Margun-I had some time off during chemo, and found that time off from work allows my mind to go to dark places. I intend to go back to work when my energy has restored. That will be a while for me since my surgery will have me back home. Thankfully I will be able to work from home when I am done taking pain meds.

I really, really want my eyebrows and eyelashes back. I'm wondering how long it will take for them to start coming back.

notdefined

I am hoping I have enough energy for tomorrow. 4th of July is one of my favorite holidays! Hope you are all able to enjoy with minimal SE's!

margun

notdefined- we have the same surgery date. I hope it goes well for both of us as well as for all these brave ladies here. If you are going one size up for one breast that’s mean you have operate the other one as well to have them both the same size

notdefined

Hi Margun-yes, you are correct. I think they are going to place a tissue expander on that side when I have the mastectomy.

ipenelope

notdefined- yesterday was 2 mths pfc and my eye lashes really started coming back about 4-5 weeks pfc and my eyebrows arw still slowly coming in. I hope your energy level is good for tomorrow so your 4th is great!!!
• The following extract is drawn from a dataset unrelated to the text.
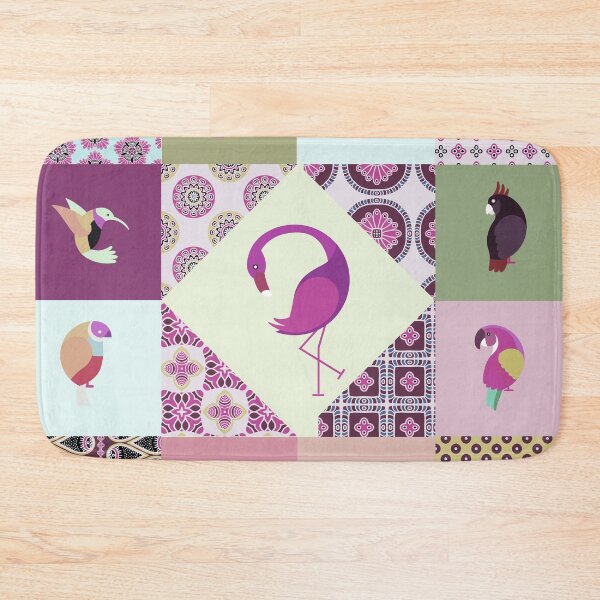 Item preview, Bird patchwork12 designed and sold by Design4uStudio.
I worked through all of chemo, AC & T. Partially due to financial reasons and I wanted to stay somewhat active and keep my brain engaged. Im not gonna lie some days wre harder then others, like hitting a wall and having to take a15 minute nap at 3pm, which became more frequent toward the end of Taxol. I do a good amount of walking for my job so that some movement helped. The only time I had off was surgery recovery and the day of chemo as the IV benadryl made me really sleepy and I couldn't work given my job and safety.
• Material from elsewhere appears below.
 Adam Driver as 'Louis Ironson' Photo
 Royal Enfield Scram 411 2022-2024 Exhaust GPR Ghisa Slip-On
I hope everyone is having a great week! Keep being strong women kicking cancer's ass!!!🥊🥊

~Katie💗

notdefined

Thanks for the info ipenelope! I found some good eyebrow fake tattoos that work really well. I am okay keeping that up, but putting fake eyelashes on is a pain! It is nice to know if I will have some lashes by the time my surgery takes place. BTW, I like your updated picture!

laurencl

I had #10 Taxol today. Hoping for minimal SEs. I have to say, I had minimal SEs last week, just afternoon fatigue. Meeting with the surgeon next week, hoping for a surgery date. Doing pretty good drawing on eyebrows, but I don’t like the way I look without eye lashes and wearing fake ones are too fussy for everyday. Hope everyone is doing well

dogmomrunner

hi Margun - I think that my MO will prescribe something if my count doesn't come up for next week's treatment. Today was a day early due to the holiday and I guess they hope that I won't need something to boost the white cells.
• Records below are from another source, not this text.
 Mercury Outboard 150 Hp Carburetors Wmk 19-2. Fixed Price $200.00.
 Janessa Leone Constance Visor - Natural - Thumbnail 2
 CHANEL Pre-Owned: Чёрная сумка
I am a geriatric social worker at a skilled nursing facility. I really like the job and would hate to have to take FMLA due to feeling bad. So far I have been able to work a 40 hour week. I have paid time off that I can use to supplement the hours for my treatment day. But I have been able to work longer days when I am there (other than Thursday's) and then also go in on Saturdays

ipenelope

notdefined- thanks about the picture! That was me yesterday.

When my eye lashes were all gone I used black eyeliner and lined my upper lid where mutt lashes should have been and that way it looked like i had something and I really have never had luck with fake lashes!! I lined my lower lid with black also to kinda give the same. It obviously wasn't the same but at least my eyes didn't look weird and washed out.

Dogmomrunner- i used to work as a unit manager in a long term care center so I know what your going through. I work as a home health nurse and was able to work the whole time and didn't once have to wear a mask. I was lucky that my WBC levels were good through AC and decreased through Taxol but with making sure to wash my hands alot and even would clean my nose area with hand sanitizer and made it through the winter without getting sick. Please don't over do it!!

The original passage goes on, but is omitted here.